1/ Individually vs Group Useful
Sometimes called single-player vs multi-player mode but the premise is the same. Is your app useful to the individual or useful to a group (eg workplace).

For example, Asana is useful in a group but not so much as an individual. Evernote is useful to the individual but not so much in a group. Rare apps like Dropbox are both but this is not a requirement. Given that productivity apps typically touch personal data, they are not generally viral. Brainstorm ways to be both individually and group useful.

2/ Direct-to-Prosumer vs Top-Down
Is your app B2C or B2B – the trend is to drive prosumer adoption and then to sell to the SMB. Yammer pioneered this model; Xobni extended this model and in some instances it can even backfire such as when Microsoft asked their employees to uninstall the Xobni plugin.

If your app is direct-to-prosumer, you need to think about whether you can really get to 100s of M of users or 10s of M at a really high price-point. Evernote is probably the best example and is still struggling with accelerating freemium growth.

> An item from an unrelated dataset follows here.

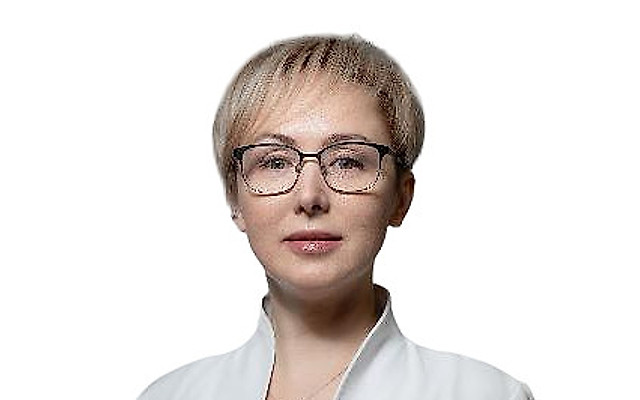 Тамари Анна Викторовна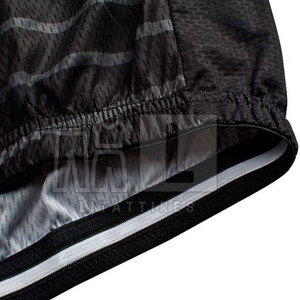 Ensembles uniformes de vélo personnalisés de haute qualité Conception respirante et à séchage rapide pour les cyclistes-Options de gros disponibles - Product Image 5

With SMB deployment, you can charge a higher SAAS price-point plus drive more seats. Ideally, you can achieve this without a sales team like Slack and Github have demonstrated but realistically, you will need an inside sales team and ignoring this reality is why I’ve seen many productivity app developers fail.

3/ Replacing In a Category vs Creating a Category
Are you an app the SMB already pays for or something they don’t yet pay for? Slack, as an example is a new category in that SMBs did not previously pay for chat. However, if are a “Todo” app, you are probably competing with an already existing tool such a Jira that the SMB pays for. Getting a company to switch tools is hard and thus why I recommend targeting super-SMBs when replacing in a category.

4/ Create Lock-In
Most productivity apps aggregate some cloud data (files, CRM etc). In the PIM (email, calendar, address book) category, we aggregated email accounts (Google, Exchange, iCloud). Being an aggregator means we are the presentation layer. But without any content exclusively stored in our system, the user can switch presentation layers without penalty.

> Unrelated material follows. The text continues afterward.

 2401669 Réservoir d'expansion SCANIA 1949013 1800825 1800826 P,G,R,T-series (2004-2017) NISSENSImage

To create lock-in, some options:
(a) Store some content exclusively
(b) Require upfront customization such as Salesforce
(c) Introduce paid; this will be the best thing you can ever do and will improve all of your metrics
(d) Achieve network effect. Hard to pull of but if you get it, hold on to it!

5/ Be Pervasive
Productivity is a lifestyle and is integrated across personal and work. Although mobile-first is my recommendation, don’t discount laptop usage at the workplace. Apps must be avail on all screens otherwise you are destined to fail.

6/ Have a Macro Thesis
Product management in productivity is hard – there is no 80/20. Workflows are unique to each individual and attempting to change and behave like a coach is exceptionally hard except when managed down (eg everyone has to use Expensify). It’s best to embrace the existing workflow and improve while also maintaining a macro product thesis. Without a thesis, your resultant app will look like the Settings dialogue in Office.

7/ Don’t Be Too Smart
As I’ve written previously, I believe predictive intelligence will be a new layer on all apps. But in the productivity, trust is always the #1 feature. Failing to sync an email will be an immediate deal-breaker. Optimize on precision (accuracy) vs recall (# of results) and ask the user when unsure versus being too smart. Although most contact mergers are pretty good, the 1 out of 10 times they fail is why many don’t embrace.